WHAT NEEDS TO BE DONE: Below are some records. Copy every line in them that holds "Leather".

[Excerpts from a dataset]

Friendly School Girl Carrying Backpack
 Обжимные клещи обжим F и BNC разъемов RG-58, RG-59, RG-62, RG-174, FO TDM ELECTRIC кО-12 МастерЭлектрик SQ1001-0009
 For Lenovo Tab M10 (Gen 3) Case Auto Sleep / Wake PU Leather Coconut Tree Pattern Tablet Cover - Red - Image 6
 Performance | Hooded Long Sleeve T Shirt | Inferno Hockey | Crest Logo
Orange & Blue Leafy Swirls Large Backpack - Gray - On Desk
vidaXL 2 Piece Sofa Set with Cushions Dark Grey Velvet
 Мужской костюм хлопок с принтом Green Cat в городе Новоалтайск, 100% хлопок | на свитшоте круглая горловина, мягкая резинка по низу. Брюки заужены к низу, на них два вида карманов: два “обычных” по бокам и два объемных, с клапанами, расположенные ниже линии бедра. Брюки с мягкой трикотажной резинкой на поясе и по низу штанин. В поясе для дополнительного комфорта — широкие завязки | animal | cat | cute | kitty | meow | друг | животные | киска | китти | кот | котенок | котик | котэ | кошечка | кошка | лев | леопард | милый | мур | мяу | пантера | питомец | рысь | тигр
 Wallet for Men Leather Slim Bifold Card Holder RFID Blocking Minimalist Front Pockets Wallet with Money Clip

EXERCISE ANSWER:
 For Lenovo Tab M10 (Gen 3) Case Auto Sleep / Wake PU Leather Coconut Tree Pattern Tablet Cover - Red - Image 6
 Wallet for Men Leather Slim Bifold Card Holder RFID Blocking Minimalist Front Pockets Wallet with Money Clip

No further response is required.